I don’t remember us staying anywhere for a long time. Sometimes we’d just sleep in her car if it wasn’t too cold. We kept all of our stuff with us there.”

  Lisa thought of the key she’d found in his pocket. Not a house key. A car key.

  “It was just the two of you?” Lisa asked.

  “Yes.”

  “What about your father?”

  The boy shrugged. “I never met him. Mom never talked about him.”

  Lisa realized that she really was dealing with a lost boy in Purdue. Homeless. The child of a single mother. She’d hoped there would be a better explanation for his missing past, something that gave him a family and a place to go. Instead, here he was. Alone. With her.

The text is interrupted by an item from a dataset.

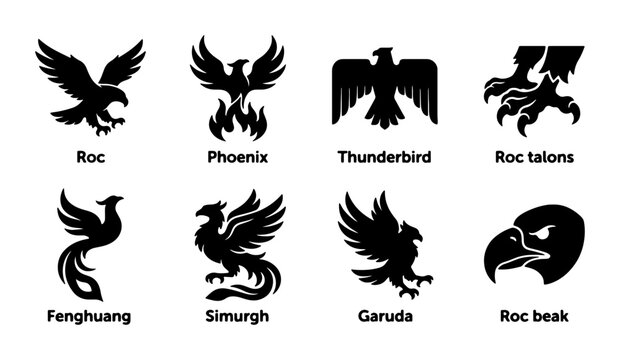 Mythical Bird Icons: Phoenix, Thunderbird, Garuda, Roc, Simurgh, Fenghuang, 8 Vector Graphics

  “Purdue, what happened to your mom?”

  The boy took a long time to say anything more. “Months ago, she started having headaches. Really bad ones. We were staying with one of her friends, and she said Mom should go see a doctor, but Mom didn’t want to do that. Doctors cost a lot of money, and we didn’t have any. She said it was nothing. She said the headaches would go away, but they didn’t. They got worse. A lot worse. There was one night where Mom woke up in the middle of the night, and she was screaming because it hurt so bad.”

  “That must have been very scary,” Lisa murmured.

  He nodded. “I made her go to the doctor. She didn’t want to, but I said she had to. The doctor put her in a big tube where they could see inside her, and after that, he said she needed to go to a hospital right away.”

  “Did the doctor say what was wrong with her?”

  “Well, he said they were going to take out her brain.”

  Lisa wanted to smile, but she knew what he meant. “A brain tumor? They were going to remove a brain tumor?”

  “I guess so.”

  “So you went to a hospital?”

  “Yes. They shaved my mom’s head. I didn’t like that. It didn’t look like her anymore. I remember sitting in a room and talking with her before they took her away. We talked for a long time. We talked about places we’d been. Stuff we’d done. That was nice. But doctors and nurses kept coming in, and they were whispering to each other. My mom said everything was going to be fine, that I shouldn’t be scared or worry about anything. I didn’t believe her.”